Immediate action to prevent capital flight (FT):
Cypriot finance minister Michalis Sarris said his government had already moved to ensure deposit holders could not make large withdrawalselectronically before Tuesday’s open; Jörg Asmussen, a member of the European Central Bank executive board, said a portion of deposits equivalent to the levies would likely be frozen immediately.
What does this all mean? In looking on what this means for the rest of Europe, a few points stand out:
- Four choices have been faced ahead of every bailout; screw the local taxpayer; screw the creditors; the Germans pay for everything; or fiddle the numbers in the hope the crisis just goes away. The Irish programme rested heavily on option 1, the Portuguese and Greek (especially) on options 1 & 4. Hopes for option 3 (ESM buys shares in the banks) are dead in the water. This programme indicates option 2 gaining in strength, 3 & 4 sinking.
- Taxing local small depositors. This is really shocking, being both the least fair and the riskiest part of this plan. The fairness aspects are obvious, but the risk that other Peripheral depositors will reconsider is clear, albeit so far more popular with the usual suspects than with locals.
- Cypriot banks have almost nothing in terms of either junior or senior bank claims. Best guess is that the former will take the familiar (Ireland/Spain/Holland) hosing, the latter will be spared. Again, realpolitik – with the exception of Anglo-Irish after it ceased to matter – senior bank bondholders are being protected to save other banks. But this means that Cypriot depositors are being sacrificed that depositors in the rest of Europe can be protected. IThe thinking here is pure economics – once-basket-cases like Bank of Ireland recently raised unsecured senior loans, reflecting an important step in European finance’s return to health but the sacrifice of the poorest depositors in one of Western Europe’s smallest and poorer economies is surely the wrong price.
- The hedge funds win again. A favourite trade for speculators has been Cypriot government debt. And it’s done very nicely. Mayfair sends its thanks. Update: This implies that you’re better off with your money in peripheral government debt than in a bank. That’s a message I personally would be very hesitant to send.

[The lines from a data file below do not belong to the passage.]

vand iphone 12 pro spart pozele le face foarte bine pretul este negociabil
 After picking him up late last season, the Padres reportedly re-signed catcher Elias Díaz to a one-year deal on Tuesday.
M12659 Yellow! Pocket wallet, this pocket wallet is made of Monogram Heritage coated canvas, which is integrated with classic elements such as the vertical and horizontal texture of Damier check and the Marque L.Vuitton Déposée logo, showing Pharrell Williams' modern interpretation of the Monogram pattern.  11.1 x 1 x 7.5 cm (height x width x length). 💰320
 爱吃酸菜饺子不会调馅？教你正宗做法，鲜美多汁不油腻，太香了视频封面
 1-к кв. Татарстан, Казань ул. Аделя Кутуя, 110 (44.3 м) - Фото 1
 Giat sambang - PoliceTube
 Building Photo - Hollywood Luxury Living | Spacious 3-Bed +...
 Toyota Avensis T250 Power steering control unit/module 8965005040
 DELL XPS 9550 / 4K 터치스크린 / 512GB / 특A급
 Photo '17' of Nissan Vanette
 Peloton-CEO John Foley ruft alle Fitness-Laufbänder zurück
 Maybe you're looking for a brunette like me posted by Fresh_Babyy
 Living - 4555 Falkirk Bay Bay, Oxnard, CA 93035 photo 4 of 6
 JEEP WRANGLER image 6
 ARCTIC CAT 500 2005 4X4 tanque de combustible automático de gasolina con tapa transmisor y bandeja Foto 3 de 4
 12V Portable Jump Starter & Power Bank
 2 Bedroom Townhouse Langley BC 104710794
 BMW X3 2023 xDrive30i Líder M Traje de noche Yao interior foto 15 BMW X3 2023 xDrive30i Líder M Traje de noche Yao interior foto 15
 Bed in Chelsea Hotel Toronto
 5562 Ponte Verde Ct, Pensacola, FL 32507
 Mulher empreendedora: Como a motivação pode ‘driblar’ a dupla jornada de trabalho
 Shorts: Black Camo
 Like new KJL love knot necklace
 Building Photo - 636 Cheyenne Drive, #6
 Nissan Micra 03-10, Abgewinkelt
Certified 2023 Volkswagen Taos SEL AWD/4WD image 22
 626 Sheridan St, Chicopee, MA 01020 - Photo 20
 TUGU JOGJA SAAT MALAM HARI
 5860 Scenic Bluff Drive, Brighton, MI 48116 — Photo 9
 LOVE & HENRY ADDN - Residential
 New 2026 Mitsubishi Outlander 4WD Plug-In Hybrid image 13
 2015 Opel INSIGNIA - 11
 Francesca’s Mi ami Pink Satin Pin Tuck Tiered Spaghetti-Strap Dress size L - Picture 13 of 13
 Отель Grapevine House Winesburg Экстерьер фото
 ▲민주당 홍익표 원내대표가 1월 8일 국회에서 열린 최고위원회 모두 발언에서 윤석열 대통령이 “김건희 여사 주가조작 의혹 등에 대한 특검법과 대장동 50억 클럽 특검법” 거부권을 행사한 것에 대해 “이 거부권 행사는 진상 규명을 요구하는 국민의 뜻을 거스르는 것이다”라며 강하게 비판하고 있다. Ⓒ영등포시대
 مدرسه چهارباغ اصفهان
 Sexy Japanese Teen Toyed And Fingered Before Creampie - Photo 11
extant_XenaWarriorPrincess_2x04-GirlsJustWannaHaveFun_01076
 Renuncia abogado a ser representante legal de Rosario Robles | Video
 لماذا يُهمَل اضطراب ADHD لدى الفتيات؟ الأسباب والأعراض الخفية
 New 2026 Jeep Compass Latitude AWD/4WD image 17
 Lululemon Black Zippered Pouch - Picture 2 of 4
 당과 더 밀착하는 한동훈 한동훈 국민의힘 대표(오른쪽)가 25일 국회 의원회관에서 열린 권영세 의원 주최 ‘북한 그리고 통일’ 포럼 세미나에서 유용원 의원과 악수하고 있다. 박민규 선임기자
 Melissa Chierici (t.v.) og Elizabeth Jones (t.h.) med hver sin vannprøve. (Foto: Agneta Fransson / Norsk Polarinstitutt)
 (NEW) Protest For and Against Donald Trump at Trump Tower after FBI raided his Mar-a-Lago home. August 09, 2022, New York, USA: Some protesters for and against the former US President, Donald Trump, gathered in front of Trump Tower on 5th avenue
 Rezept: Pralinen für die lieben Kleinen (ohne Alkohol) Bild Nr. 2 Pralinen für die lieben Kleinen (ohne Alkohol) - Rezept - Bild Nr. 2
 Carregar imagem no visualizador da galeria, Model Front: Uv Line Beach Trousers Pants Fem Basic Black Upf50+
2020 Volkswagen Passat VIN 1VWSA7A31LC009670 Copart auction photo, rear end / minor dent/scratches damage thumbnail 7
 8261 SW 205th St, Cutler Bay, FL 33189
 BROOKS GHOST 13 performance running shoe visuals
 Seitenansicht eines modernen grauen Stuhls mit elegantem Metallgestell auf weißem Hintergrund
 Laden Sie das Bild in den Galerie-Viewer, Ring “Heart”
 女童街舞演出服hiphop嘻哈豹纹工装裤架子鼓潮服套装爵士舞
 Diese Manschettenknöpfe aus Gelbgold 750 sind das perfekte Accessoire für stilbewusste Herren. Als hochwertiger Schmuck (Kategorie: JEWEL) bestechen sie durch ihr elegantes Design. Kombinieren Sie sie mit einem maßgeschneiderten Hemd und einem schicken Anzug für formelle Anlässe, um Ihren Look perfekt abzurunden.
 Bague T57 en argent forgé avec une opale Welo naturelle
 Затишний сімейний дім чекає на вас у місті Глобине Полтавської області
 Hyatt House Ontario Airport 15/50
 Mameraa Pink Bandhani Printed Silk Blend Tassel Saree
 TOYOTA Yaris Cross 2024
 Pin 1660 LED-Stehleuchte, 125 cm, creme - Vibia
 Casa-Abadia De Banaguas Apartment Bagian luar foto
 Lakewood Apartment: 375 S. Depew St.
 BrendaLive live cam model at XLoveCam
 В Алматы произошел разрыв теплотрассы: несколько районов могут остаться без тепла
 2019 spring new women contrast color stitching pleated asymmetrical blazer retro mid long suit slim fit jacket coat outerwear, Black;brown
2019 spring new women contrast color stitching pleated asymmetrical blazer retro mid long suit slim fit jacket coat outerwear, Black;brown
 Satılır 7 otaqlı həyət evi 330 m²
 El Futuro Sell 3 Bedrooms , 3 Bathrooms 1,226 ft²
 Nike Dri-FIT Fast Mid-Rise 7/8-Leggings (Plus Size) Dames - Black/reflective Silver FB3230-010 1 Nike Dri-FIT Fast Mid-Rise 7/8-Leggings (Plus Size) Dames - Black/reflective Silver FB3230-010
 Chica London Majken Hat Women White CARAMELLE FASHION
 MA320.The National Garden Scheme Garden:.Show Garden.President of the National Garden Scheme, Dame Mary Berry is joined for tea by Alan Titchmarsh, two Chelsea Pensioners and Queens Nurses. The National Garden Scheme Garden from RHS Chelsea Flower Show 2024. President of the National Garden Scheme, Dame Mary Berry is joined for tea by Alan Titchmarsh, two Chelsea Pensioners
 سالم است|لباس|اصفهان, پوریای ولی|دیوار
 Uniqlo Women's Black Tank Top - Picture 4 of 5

- And the Russians? The reason small depositors have been hit is that the losses inflicted would be much bigger if a) only large deposits b) only non-EU deposits were haircut. The data on Cyprus deposits is here (MUMs = Monetary Union Members). I would guess the thinking is that 10% is seen as a cost of doing business when it comes to money laundering, but 30% would probably finish Cypriot banking for good. If the infliction of losses on small depositors has a purpose, it’s probably to reassure the Russians that they are not being discriminated against. Yes, I may have thrown up a little in my mouth typing that. *
So: senior bondholders and Russians helped at the cost of smaller locals. There’s more logic here than there appears at first glance – the primary aim of this programme is to hold the European banking sector together whilst having a vaguely realistic programme, not placing another huge bill on the core/Germany not ending the viability of Cyprus as an offshore banking sector. My own judgement is that inflicting costs on depositors in principle is an extremely important one, but that not sparing the small depositor is worse than a cruel piece of realpolitik – it is in fact a mistake.
* Irony corner: the destination of choice for Russian money looking to escape into an EU jurisdiction is now apparently Latvia
Update: via @charlesforelle some detail on Cyprus bank balance sheets – really basically no senior bonds.
Also worth noting that in return for their tax payment, depositholders get shares in their bank. Limited consolation I suspect.